* Dataset content

---

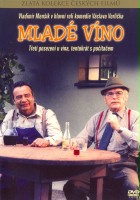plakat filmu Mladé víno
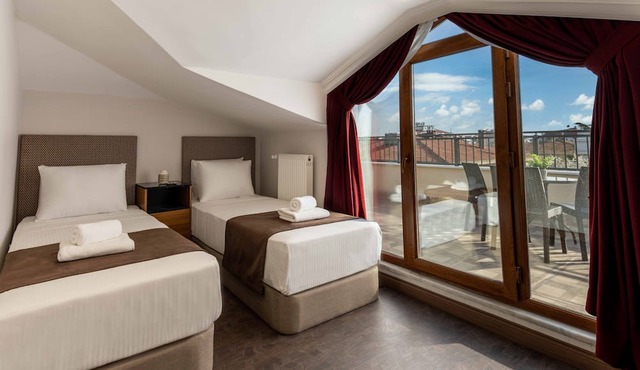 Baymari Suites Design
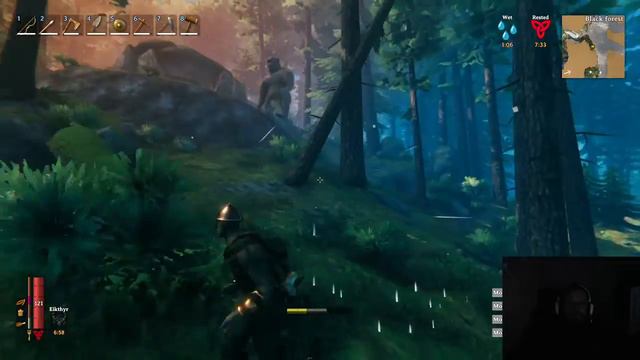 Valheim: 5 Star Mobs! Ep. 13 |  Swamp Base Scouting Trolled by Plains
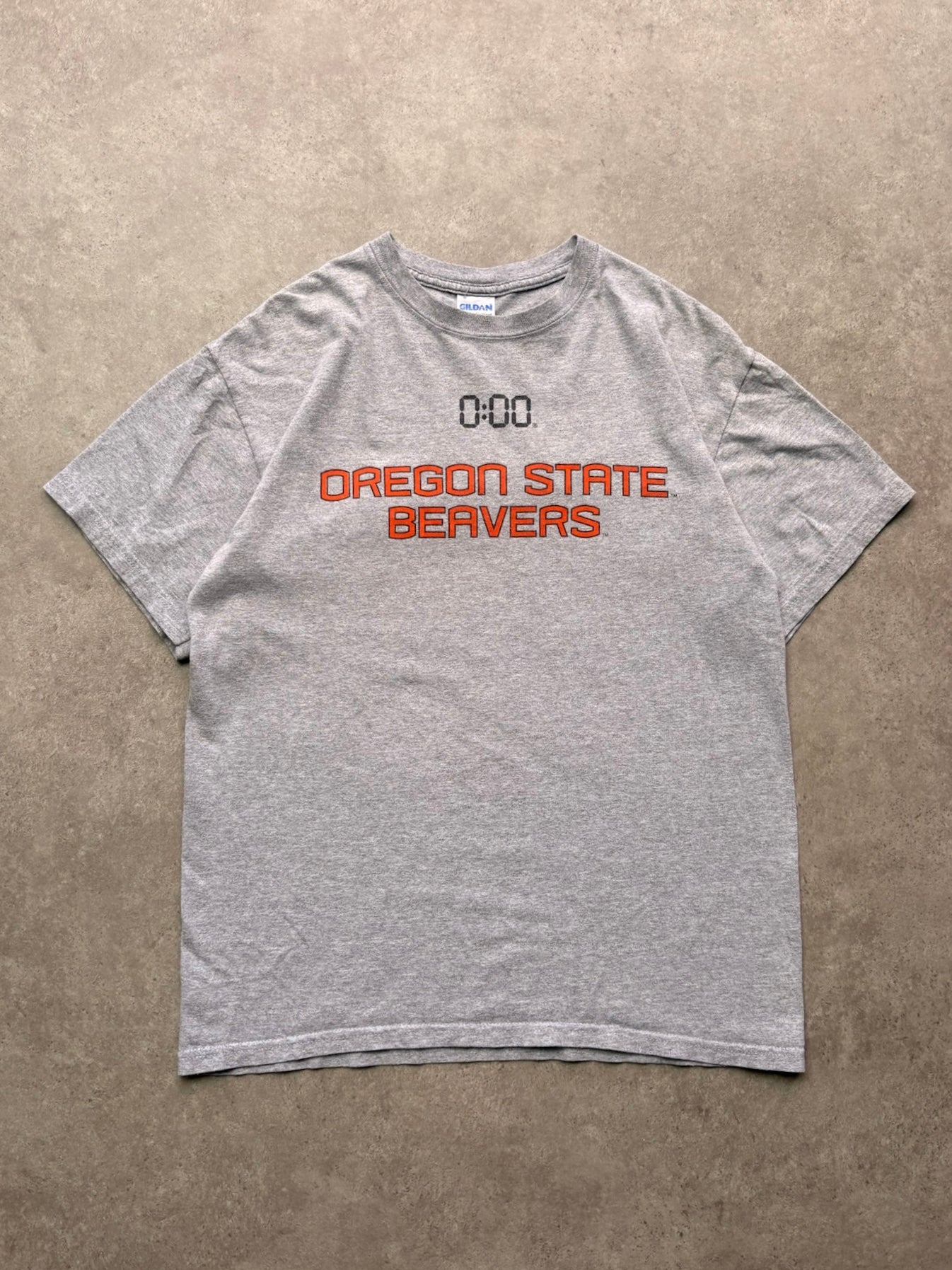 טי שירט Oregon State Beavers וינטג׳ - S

---

* Instructions to follow
Everything in the material goes into the copy exactly, except the images.

* Exercise response
plakat filmu Mladé víno
 Baymari Suites Design
 Valheim: 5 Star Mobs! Ep. 13 |  Swamp Base Scouting Trolled by Plains
 טי שירט Oregon State Beavers וינטג׳ - S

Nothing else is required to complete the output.